Pecan is a hickory, and hickory is in the walnut family. You will find it very hard.


----------



## Yonak (Mar 27, 2014)

> It is pecan.
> 
> - WDHLT15


Danny, it doesn't look like any pecan I've seen. How can you tell ?


----------



## GravyBones (Apr 20, 2015)

It is 5 feet long by 2 feet wide and is 7/4. I paid $20 for it at a garage sale. Do you think it is worth it?
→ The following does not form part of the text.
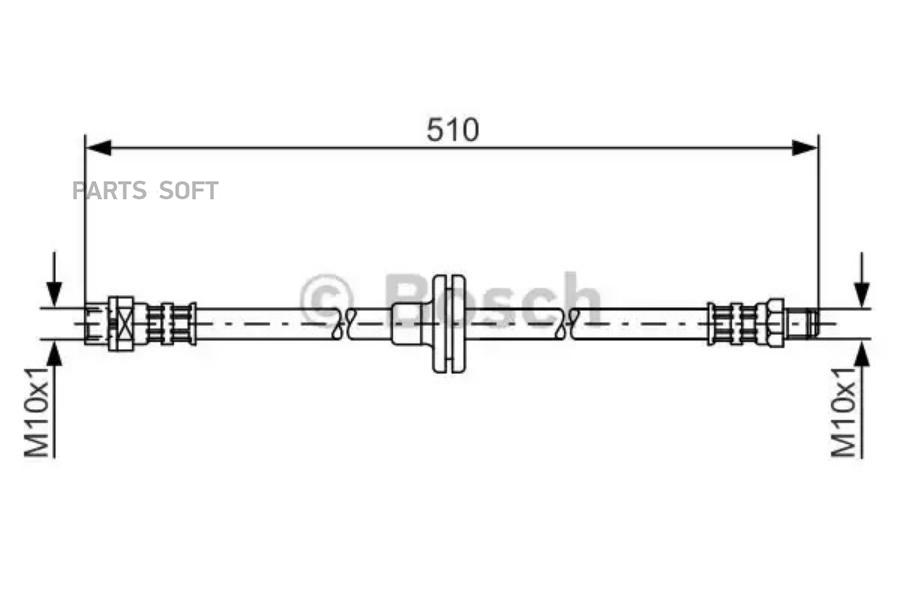 

BOSCH Шланг тормозной BOSCH 1987476056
I noticed where the tung oil is that the grain has depth to it and changes reflection when you move around and look at it. It acts like mahogany does..it isn't mahogany, I'm just saying the depth of parts of the grain act like mahogany when you look at certain parts. The reflections change like you can look deep into it.

Great replies so far.


----------



## WDHLT15 (Aug 15, 2011)

Yonak,

Mainly from the color and texture of the heartwood. Pecan heartwood from old trees has a very brown color, sometimes lighter, sometimes much darker. Here are a couple of pieces with the color.


----------



## MSRiverdog (Mar 3, 2008)

English Walnut.


----------



## WDHLT15 (Aug 15, 2011)

No Sir. Sorry. It is pecan. Although pecan is in the walnut family.


----------



## Yonak (Mar 27, 2014)




----------



## Mahdeew (Jul 24, 2013)

Yep. Pecan.


----------



## wormil (Nov 19, 2011)

I can't say it isn't pecan, I've never seen pecan in person but it doesn't look anything like pictures of pecan. It does look like walnut sapwood where they've slabbed it off the outside of the tree.


----------



## BurlyBob (Mar 13, 2012)

Yeah, whatever! You got one beautiful piece. I am so very jealous.


----------



## WDHLT15 (Aug 15, 2011)

Thought that I would post this pic of some very nice heart pecan. This one screams to be a little hall table.










I recent sawed some really nice older pecan with a good bit of heartwood. These boards are 9/4 (sawn at 2 3/8" rough). They should plane out to a full 2" once dry.


----------



## Pono (Mar 10, 2012)

monkeypod here has the same exact look that looks nothing like pecan. That's a crotch section you can see the heart in 2 places where the branches came out


----------